In this study, we aimed to develop a batteryless BLE module using piezoelectric elements attached to the sole of a shoe. Compared to the abovementioned literature, this paper presents (1) a method of constructing equivalent circuits for real piezoelectric elements based on measurements, (2) a method of checking whether the parameters of the equivalent circuit change with the pressure and weight of the piezoelectric elements used, and (3) a circuit design method of powering an actual BLE module based on its characteristics shown in data sheets. The novelty of this paper is that it focuses on providing a step-by-step design approach for a real BLE module.

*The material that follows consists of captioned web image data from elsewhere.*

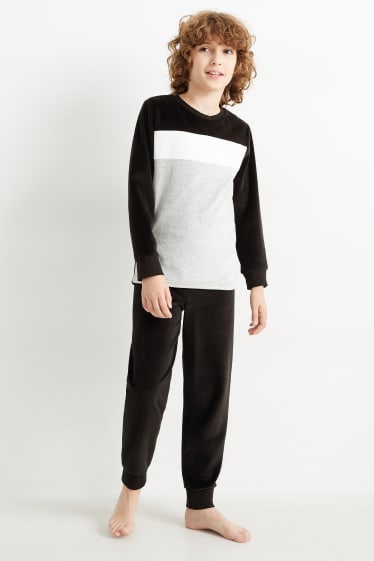 Kinderen: jongens - Winterpyjama - 2-delig - zwart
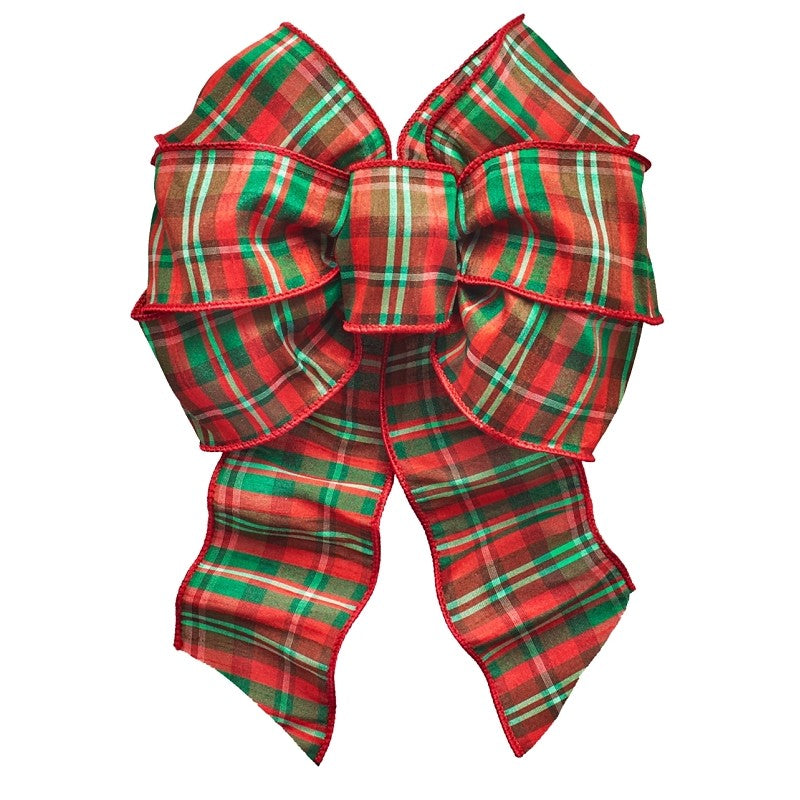 Holidaytrims 6159 Wired Bow, Red/Green, 7 Loops, 8-1/2 x 14 in (Pack of 12)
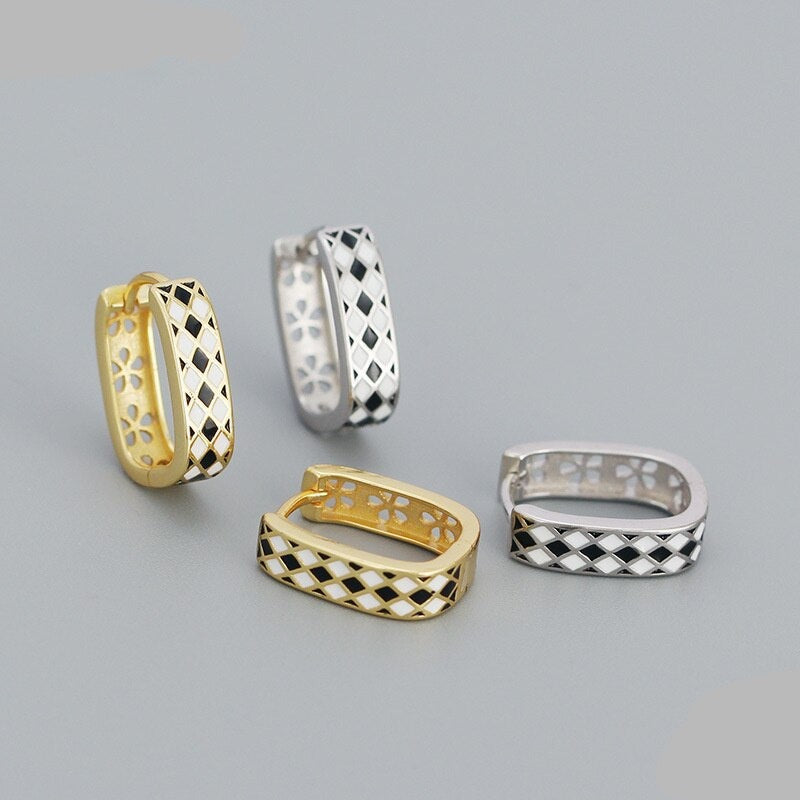 Anyco Hoop Fashion Earrings Statement Checkerboard Enamel Ear Buckle Women Charms Punk Party Jewelry Gold-Earrings-PEROZ Accessories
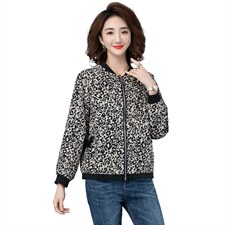 2021春季新款时尚豹纹印花棒球服外套，女装短外套，余墨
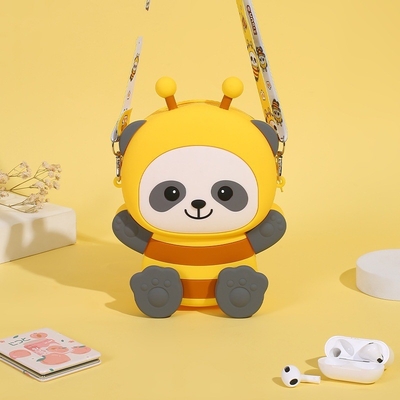 良い価格 カートゥーン ミツバチ シリコンコインバッグ メイクバッグ クロスボディ 肩バッグ ハンドバッグ 子供用の鉛筆 ポケットケース 学校用品 オンライン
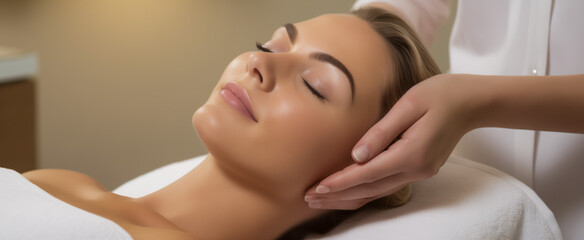 Obraz na płótnie Canvas Young woman enjoying a relaxing facial massage at spa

The operation of a BLE module requires a DC voltage, but the DC voltage cannot be directly obtained from the piezoelectric element due to the pressure applied to the foot when walking. In other words, the piezoelectric element alone cannot operate the BLE module. As shown in Figure 1, the voltage obtained from the piezoelectric element is first charged to a capacitor by a rectifier circuit to generate the DC voltage that drives the BLE. The switch (SW) between the BLE module and the capacitor for the power supply is turned off at this time. The charging time should be a few minutes for practical use. The charged power supply capacitor is connected to the BLE module by turning on the SW. The BLE module is then activated and transmits at least one packet of position information.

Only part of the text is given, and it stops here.